**Exercise:** When you reach the line that contains "Bárbara Moraes fap porn" in the data below, copy it and every line after it exactly, adding nothing.
----
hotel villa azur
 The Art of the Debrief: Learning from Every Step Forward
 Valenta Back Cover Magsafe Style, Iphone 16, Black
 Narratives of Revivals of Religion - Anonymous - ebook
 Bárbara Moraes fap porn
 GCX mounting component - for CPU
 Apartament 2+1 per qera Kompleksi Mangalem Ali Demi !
----
**Solution to the exercise:**
 Bárbara Moraes fap porn
 GCX mounting component - for CPU
 Apartament 2+1 per qera Kompleksi Mangalem Ali Demi !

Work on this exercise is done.